Every line of the listing below must be printed again exactly, apart from its pictures.
══ EXERCISE MATERIAL ══
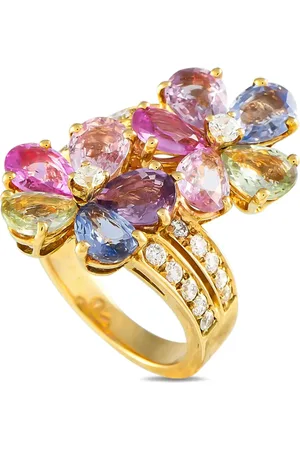 Bvlgari 18kt Flower Gelbgoldring mit Diamanten und Saphir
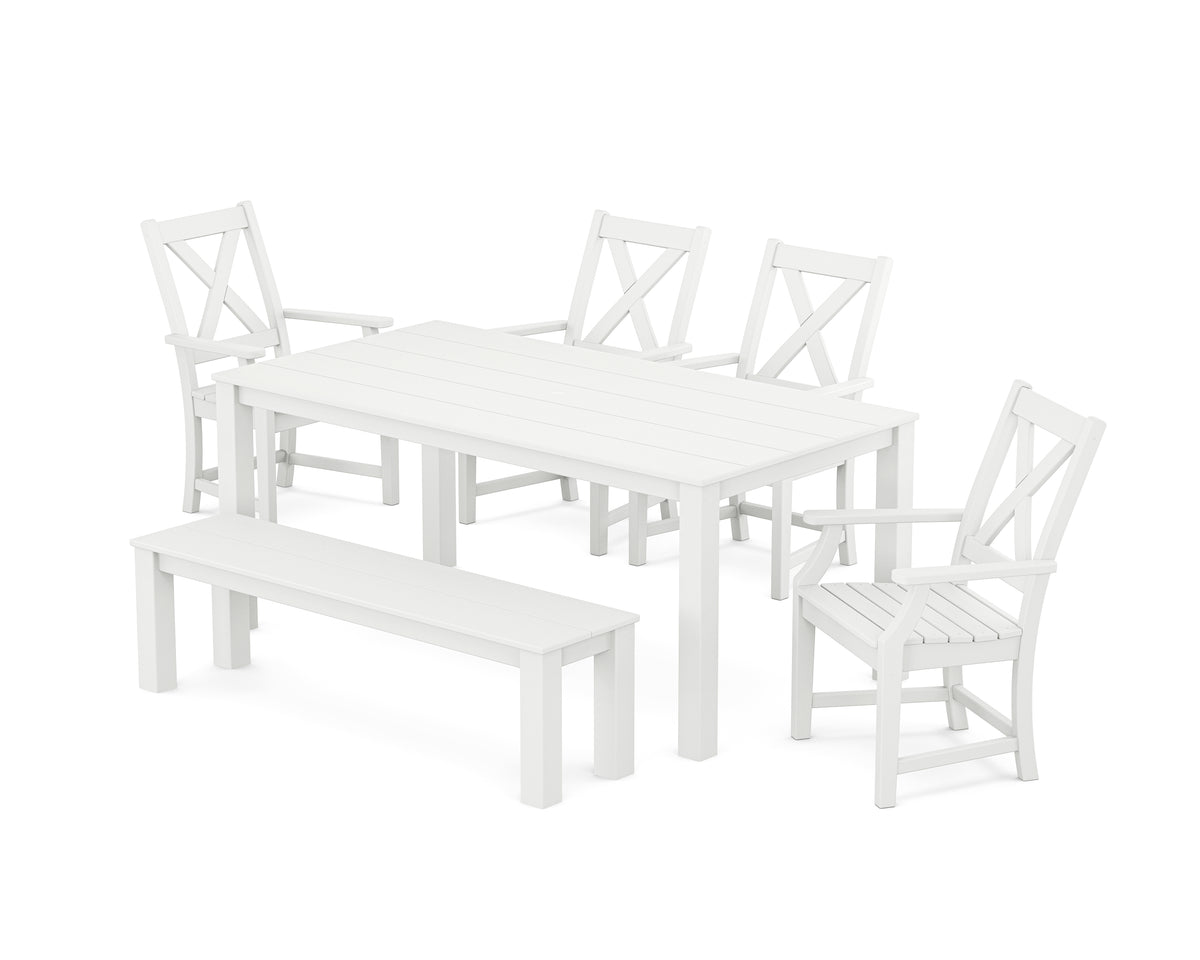 POLYWOOD Braxton 6-Piece Parsons Dining Set with Bench in White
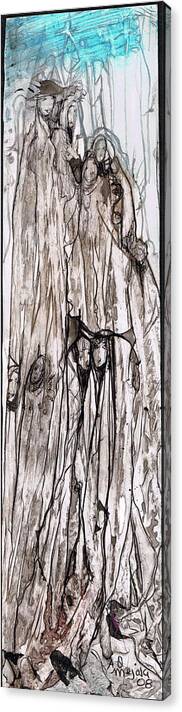 Rock Canvas Print featuring the painting Tall by Anne-D Mejaki - Art About You productions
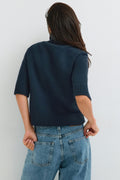 Short sleeve knitted polo top - Gardenia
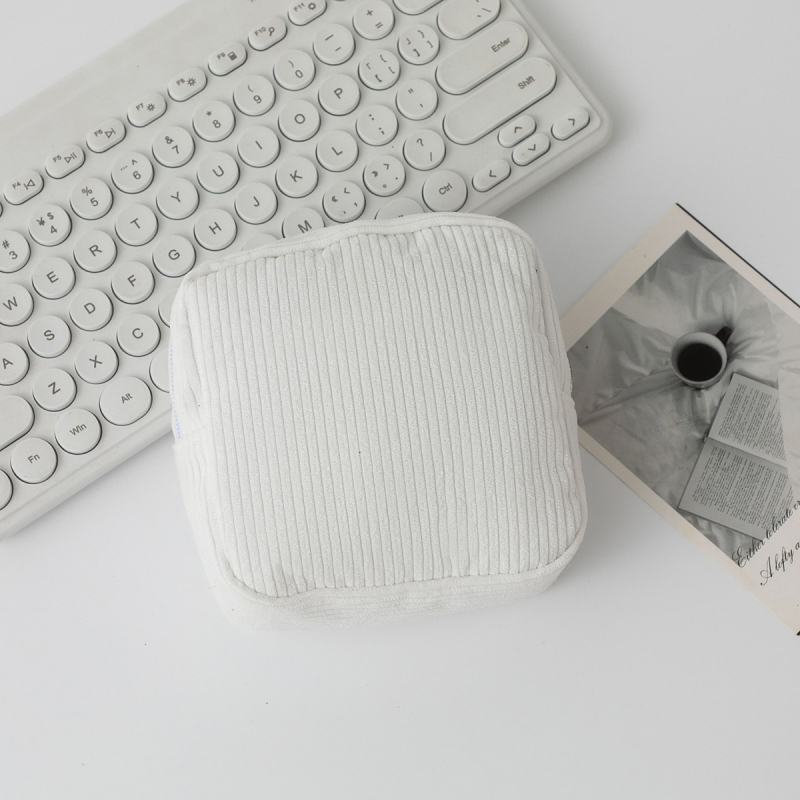 Geantă de cosmetice Corduroy, formă cub, stocare ultra-ușoară a machiajului, model D-52, stil modern minimalist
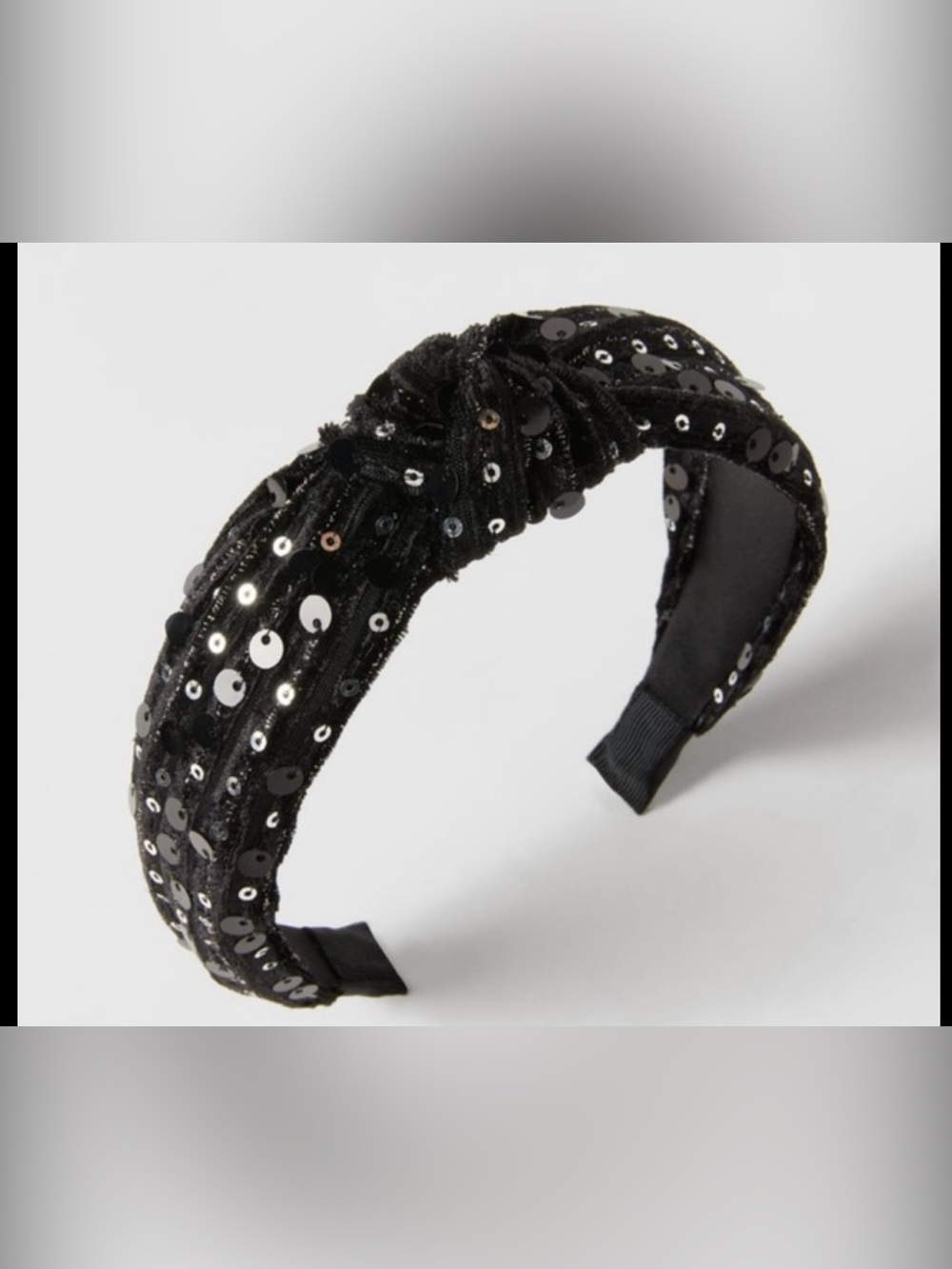 Black Sequin Knotted Headband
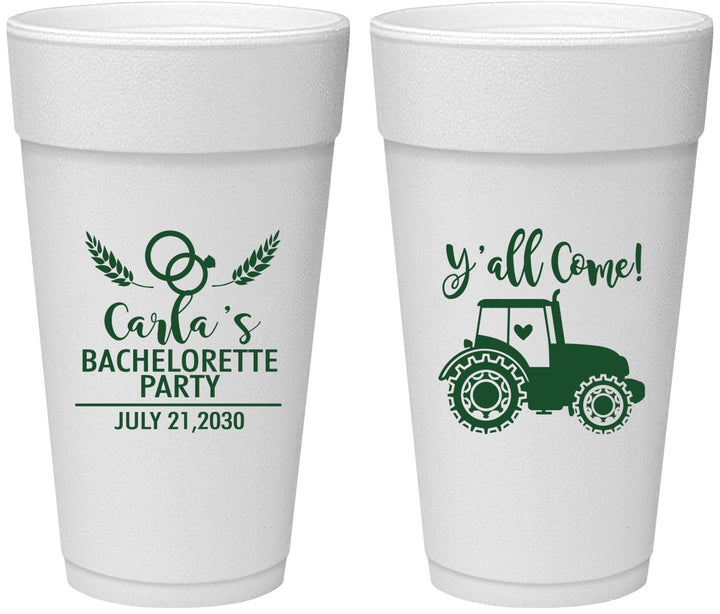 Personalized Bachelorette 24 oz Foam Cups - Tractor Farm | 60070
═══
**RESPONSE BOX**
 Bvlgari 18kt Flower Gelbgoldring mit Diamanten und Saphir
 POLYWOOD Braxton 6-Piece Parsons Dining Set with Bench in White
 Rock Canvas Print featuring the painting Tall by Anne-D Mejaki - Art About You productions
 Short sleeve knitted polo top - Gardenia
 Geantă de cosmetice Corduroy, formă cub, stocare ultra-ușoară a machiajului, model D-52, stil modern minimalist
 Black Sequin Knotted Headband
 Personalized Bachelorette 24 oz Foam Cups - Tractor Farm | 60070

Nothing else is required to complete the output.